**Task prompt**
Write the data out again exactly, with no pictures.

**Data for processing**
>>>
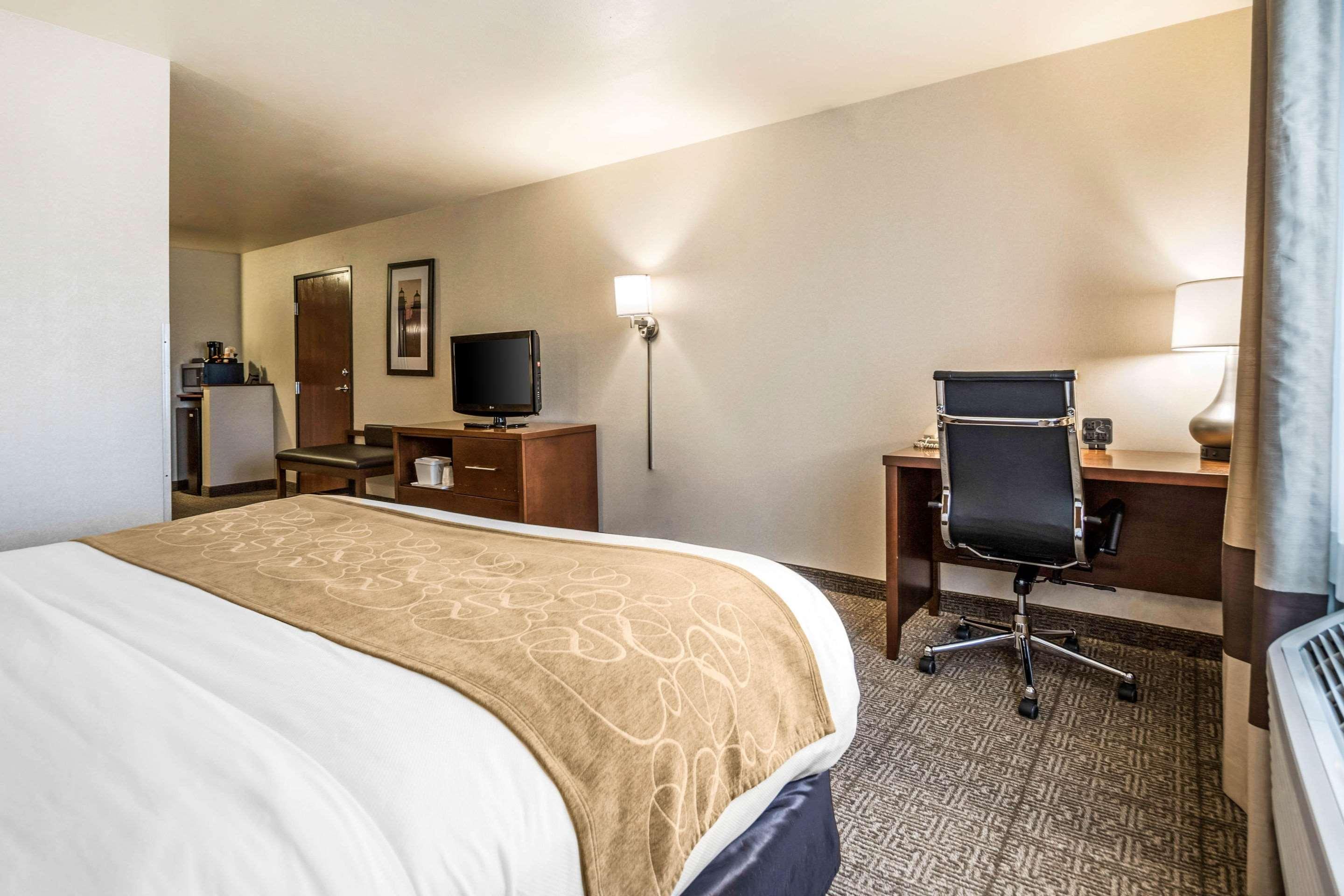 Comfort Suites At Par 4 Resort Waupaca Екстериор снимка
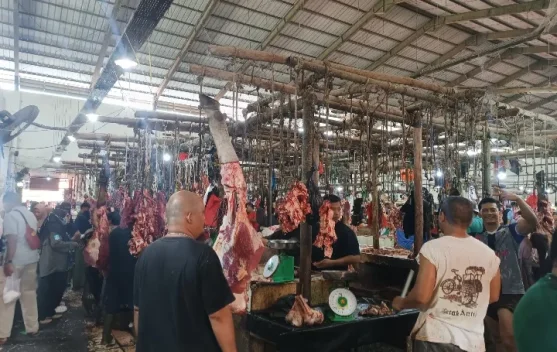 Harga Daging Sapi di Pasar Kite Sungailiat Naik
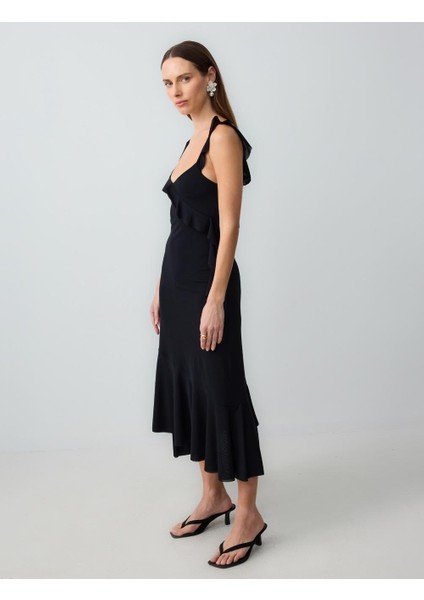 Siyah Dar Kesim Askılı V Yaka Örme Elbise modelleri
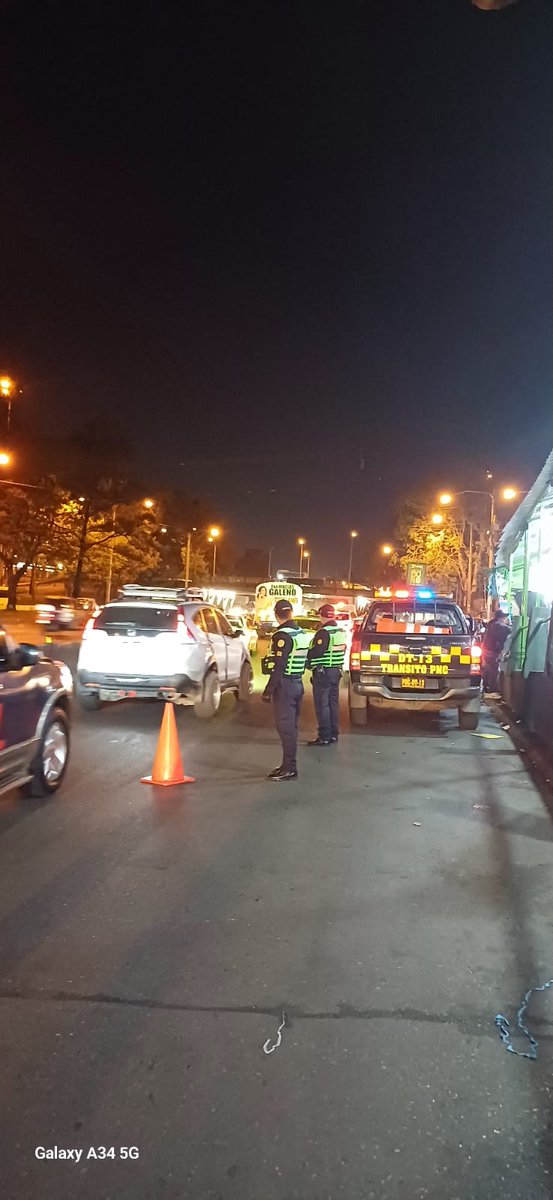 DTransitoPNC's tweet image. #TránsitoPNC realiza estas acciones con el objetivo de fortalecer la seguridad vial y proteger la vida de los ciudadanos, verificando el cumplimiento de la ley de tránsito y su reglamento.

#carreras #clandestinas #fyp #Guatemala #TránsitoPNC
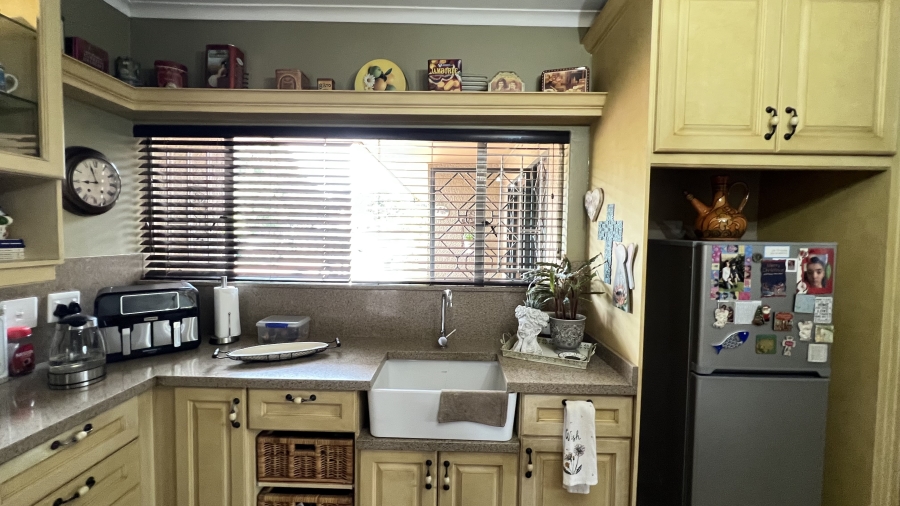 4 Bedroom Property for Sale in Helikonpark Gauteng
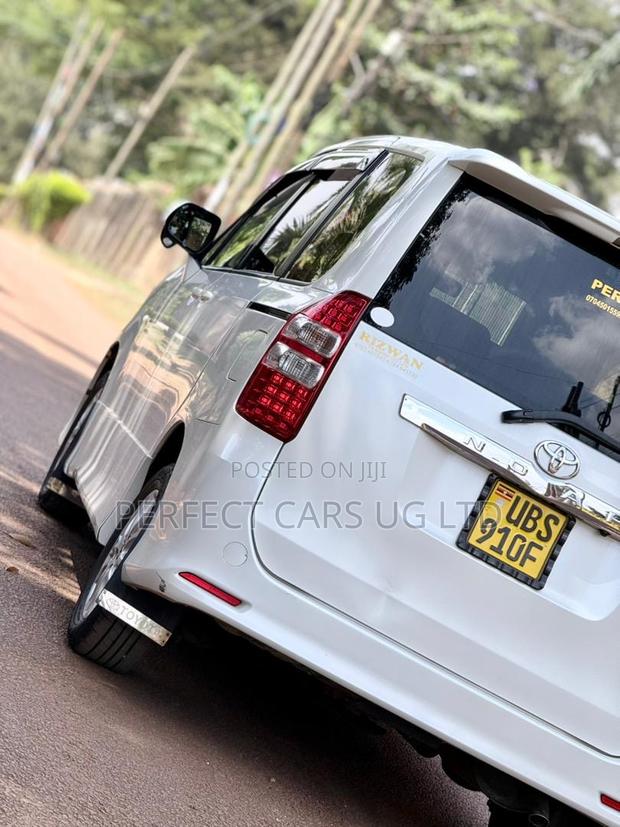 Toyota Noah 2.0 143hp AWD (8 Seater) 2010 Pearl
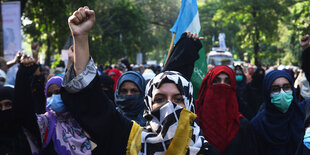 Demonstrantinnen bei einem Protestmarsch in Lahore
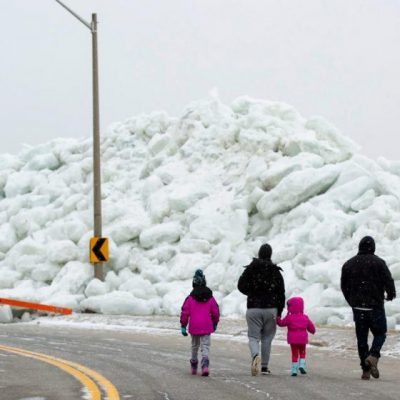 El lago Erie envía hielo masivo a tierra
<<<
**Response**
 Comfort Suites At Par 4 Resort Waupaca Екстериор снимка
 Harga Daging Sapi di Pasar Kite Sungailiat Naik
 Siyah Dar Kesim Askılı V Yaka Örme Elbise modelleri
 DTransitoPNC's tweet image. #TránsitoPNC realiza estas acciones con el objetivo de fortalecer la seguridad vial y proteger la vida de los ciudadanos, verificando el cumplimiento de la ley de tránsito y su reglamento.

#carreras #clandestinas #fyp #Guatemala #TránsitoPNC
 4 Bedroom Property for Sale in Helikonpark Gauteng
 Toyota Noah 2.0 143hp AWD (8 Seater) 2010 Pearl
 Demonstrantinnen bei einem Protestmarsch in Lahore
 El lago Erie envía hielo masivo a tierra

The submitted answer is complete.